In May 2020, a 64-year-old male was admitted to the hospital for dark brown urine persisting for more than 10 days. Physical examination revealed whole-body skin, mucous membrane, and scleral jaundice; upper abdominal tenderness; no rebound tenderness; no palpable abdominal mass; and no obvious enlargement of the subclavicular lymph nodes.

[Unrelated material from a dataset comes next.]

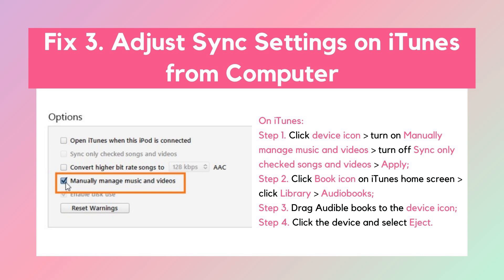Fix 3: Adjust Sync Settings on iTunes from your computer. If you're using an iPhone and still having trouble, you can manually sync your Audible books using iTunes. Connect your iPhone to your computer with a USB cable, open iTunes, click on the Device icon, and check Manually Manage Music and Videos. Then uncheck Sync Only Check Songs and Videos and hit Apply. Go to the Books section, select Audiobooks, and drag the audiobook files over to your device. Once that's done, click Eject and you're good to go.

On May 21, 2020, serum tests showed significantly elevated carbohydrate antigen 125 (CA125) (1276.30 U/mL, normal range 0–30.2 U/mL), significantly elevated carbohydrate antigen 19-9 (CA19-9) (677.45 U/mL, normal range 0–37 U/mL), elevated alanine aminotransferase (238 U/L, normal range 5–40 U/L), elevated aspartate aminotransferase (105 U/L, normal range 8–42 U/L), elevated total bilirubin (131.7 µmol/L, normal range 7.4–24.1 µmol/L), elevated direct bilirubin (95.3 µmol/L, normal range 0–6.8 µmol/L), and elevated indirect bilirubin (36.4 µmol/L, normal range 0–20 µmol/L) levels. A-fetoprotein (AFP) and carcino-embryonic antigen (CEA) levels were within normal ranges. Chest and abdominal enhanced computed tomography (CT) performed on May 21, 2020 (Figures 1A1–A4) revealed enlargement of the left lobe of the liver, internal and surrounding patchy low-density areas, blurred borders, uneven contrast enhancement, dilated intrahepatic bile duct, and enlarged lymph nodes in the porta hepatis and retroperitoneum. On May 22, 2020, percutaneous transhepatic cholangial drainage and ultrasound-guided liver tumor biopsy were performed. Pathological examination (Figures 2A–C) revealed bile duct cell carcinoma (moderately to poorly differentiated). Immunohistochemistry showed that the tumor tissues were positive for CK wide, CK19, CK7, MLH1, MSH2, MSH6, and PMS2, but negative for PAX-8, Syn, P40, HepPar-1, Glypican-3, TTF-1, CDX2, CK20, PSA, and PD-1. PD-L1 expression was 30% in tumor cells and 5% in stromal cells. ICC with invasion of the middle hepatic vein, left branch of the portal vein, and right hepatic artery, and biliary tract dilation (AJCC cT4N1M0 stage IIIb) was diagnosed.

FIGURE 1

Figure 1 Tumor characteristics before and after conversion therapy. Relationship between the tumor and (A1, B1, C1, D1) the second porta hepatis; (A2, B2, C2, D2) the middle hepatic vein; (A3, B3, C3, D3) the first porta hepatis; and (A4, B4, C4, D4) the right hepatic artery. (A1-A4) Abdominal CT before conversion therapy shows tumor invasion of the middle hepatic vein, left branch of the portal vein, and the right hepatic artery. (B1-B4) After two cycles of conversion therapy, there are no significant changes in the tumor. (C1-C4) After four cycles of conversion therapy, the tumor is significantly smaller. (D1-D4) After six cycles of conversion therapy, the tumor is further reduced.

FIGURE 2

Figure 2 (A) HE staining of puncture tissue; (B) PD-1 staining is negative; (C) PD-L1 staining is positive in 30% of tumor cells and 5% of stromal cells; (D) Postoperative HE staining; (E) Ki-67 index 80%; (F–I) Tumor size 6.5 × 4 × 4 cm with capsular invasion.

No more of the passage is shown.